As in the Judgement of the Spanish Contentious-Administrative Central Court No. I, of 2 July 2018, commented in our Capsulas Nº 192, in this Judgement it is once again confirmed -now by the Supreme Court- the possibility of challenging the grant of a marketing authorization (“MA”) of a competing product, thus changing with the position held by the Spanish Courts for the last years.
In this case, the Supreme Court recognizes locus standi (the right to bring an action or appeal before the competent authority or court, as applicable) to a company engaged in the marketing of plant protection products allowing it to appeal against the decision to grant a MA of a competing product. According to the appellant, said MA was granted without complying with the applicable law.
Initially, the appeal challenging the grant of the MA for the competing product was rejected by the Ministry of Environment and Rural and Maritime Affairs and, subsequently, by the High Court of Justice (“HCJ”) of Madrid.
The Ministry and the HCJ of Madrid understood that the appellant lacked locus standi to challenge the decision to grant the MA. They both considered that the appellant did not had a legitimate interest to challenge the grant of the MA because the damage that the appellant could suffer would not be caused by the grant of the MA, but by the commercial effects that the marketing of the authorized competing product would cause. According to such Ministry and the HCJ, this was a private conflict which should remain outside the MA procedure and its judicial protection. They also pointed out that what the appellant was really pursuing was to use the procedure as a mean to expel an authorized competing product from the market and that this could not be allowed.
Additionally, both the Ministry and the HCJ highlighted the bilateral nature of the MA procedure, which only involved the applicant and the Ministry. According to them, such bilateral nature reinforces the idea that the appellant lacked locus standi.

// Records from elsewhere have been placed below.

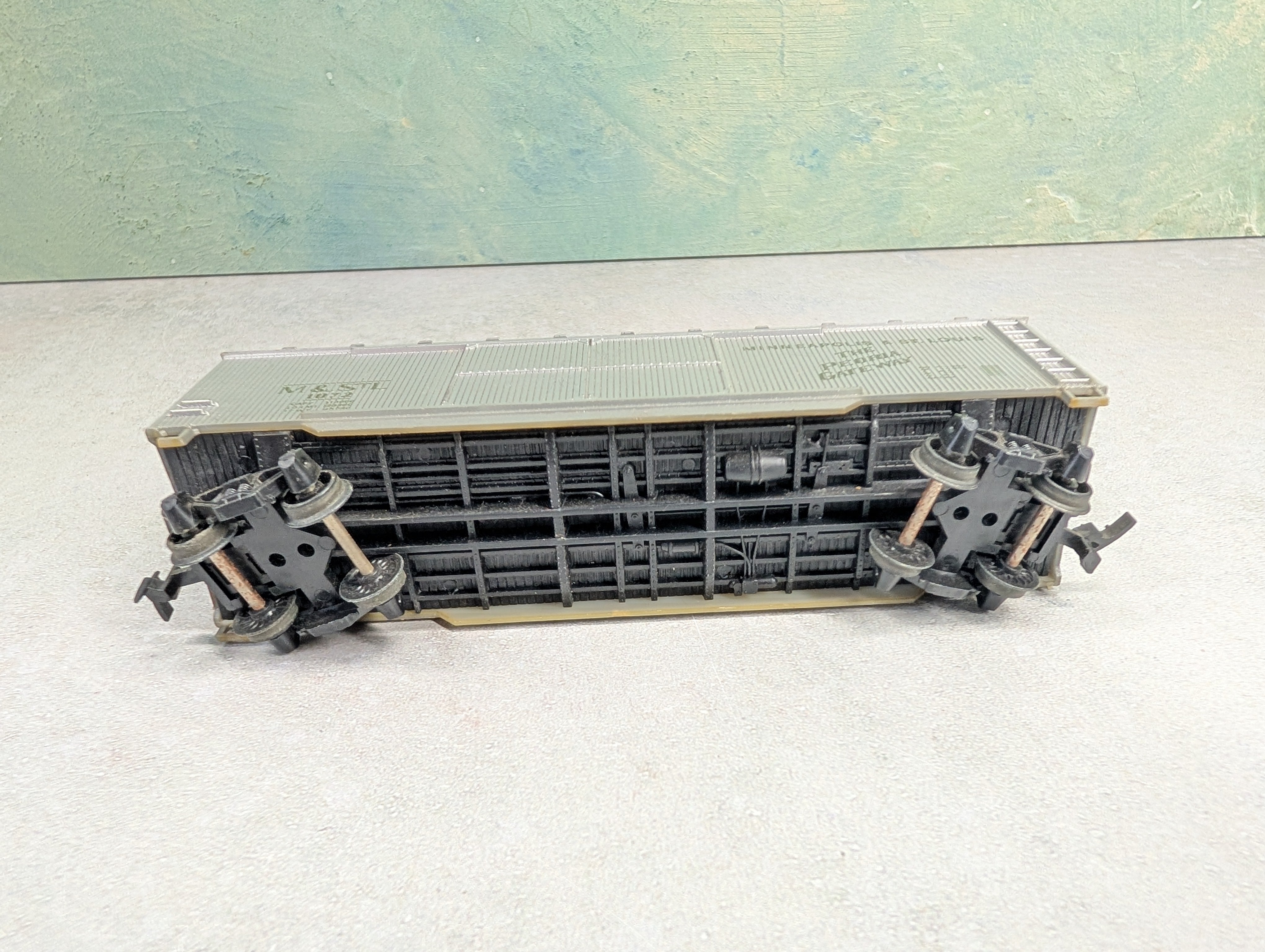 USED Roco HO Scale Wooden Box Car Minneapolis & St Louis M&STL #1072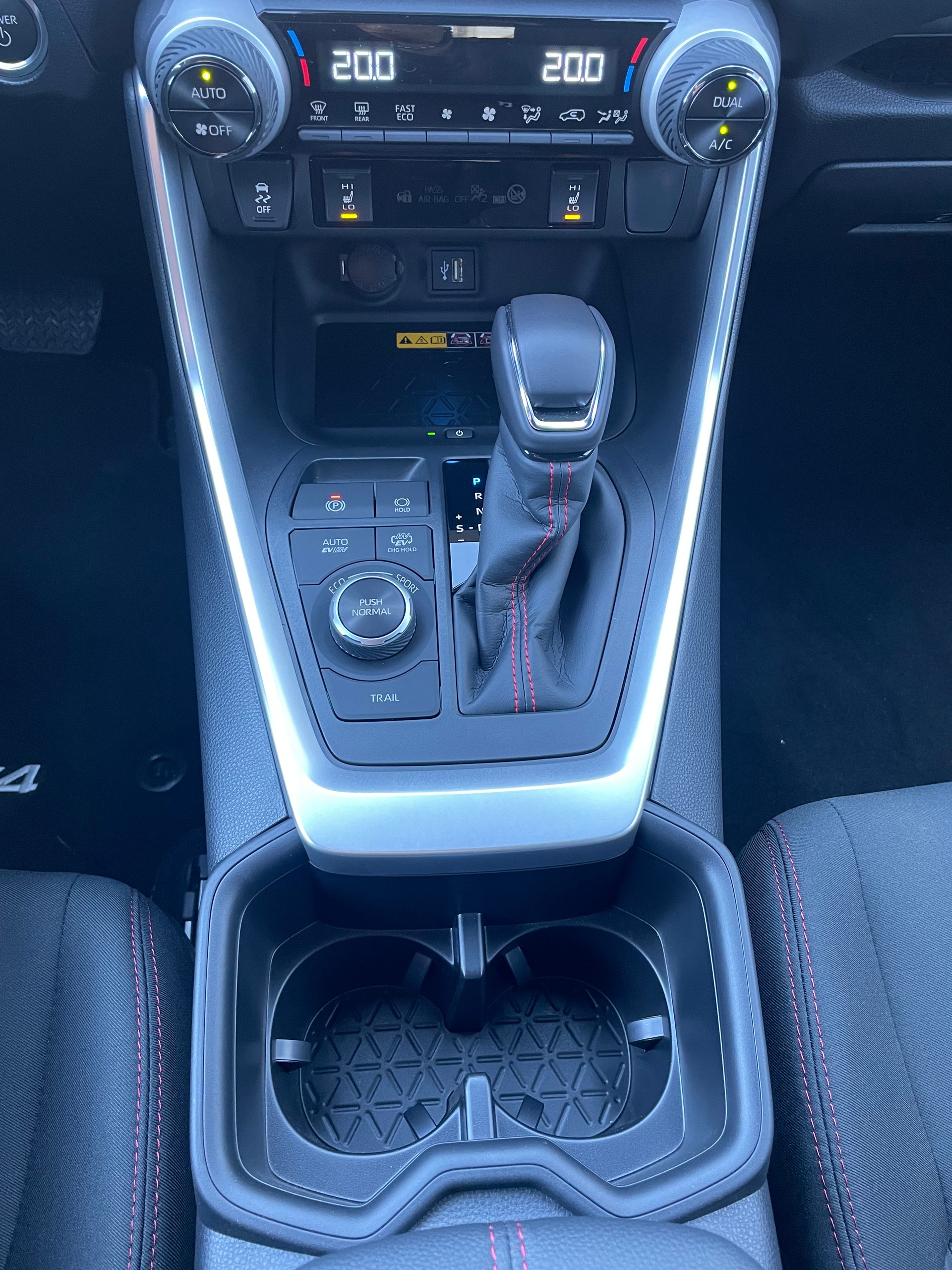 TOYOTA RAV-4 2.5 PHEV Trend e-CVT 4WD-image-25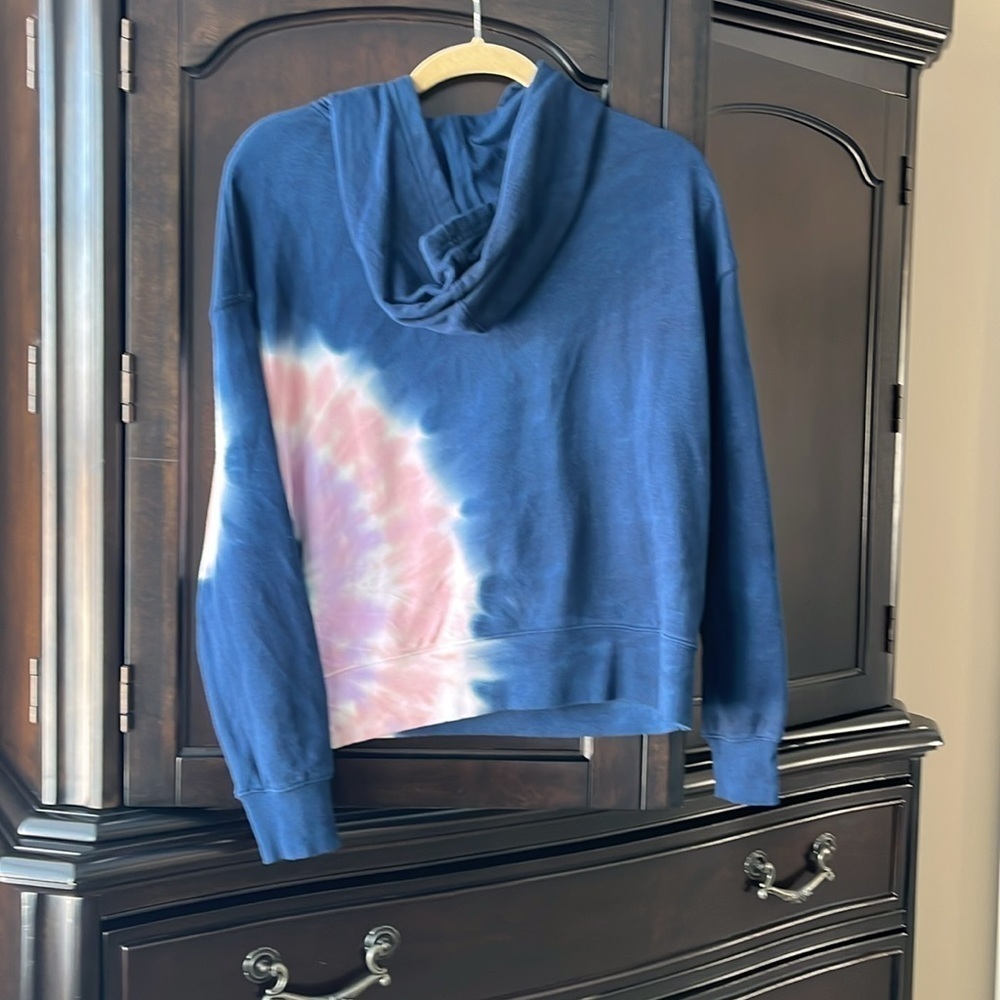 Wildfox sweatshirt - Picture 7 of 8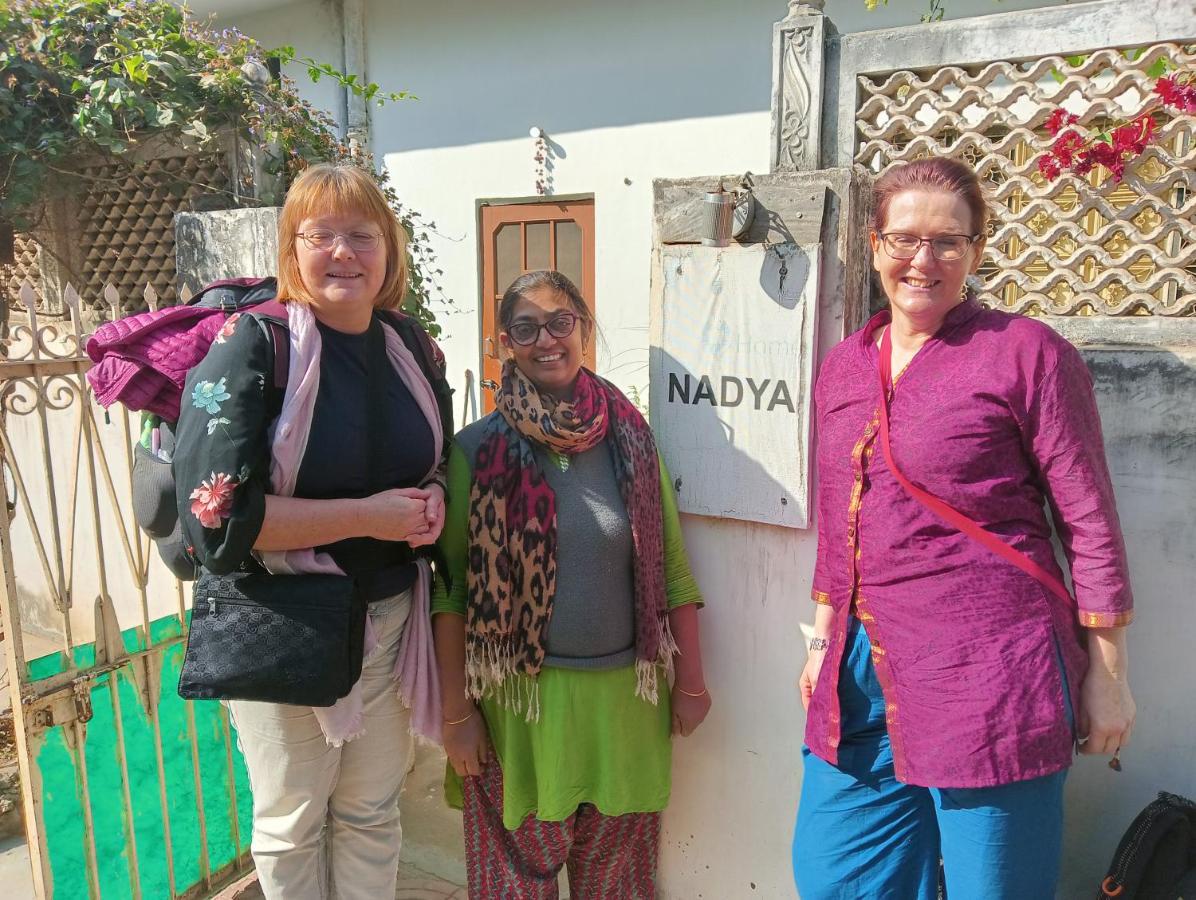 Nadya Homestay For Female & Family Jaipur Bagian luar foto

In this Judgement, the Supreme Court rejects all the arguments held both by the Ministry and the HCJ. The Supreme Court recognized locus standi to the appellant on the grounds that the decision declaring whether the MA was legally or illegally granted would result in benefits or detriments to the appellant.
In addition, the Supreme Court pointed out that appealing against the decision to grant the MA of a competing product is not necessarily equivalent to using the procedure to expel a competing product from the market. On the contrary, the Supreme Court expressed that such appeal is meant to review whether the competing product was authorized in accordance with the applicable law or not.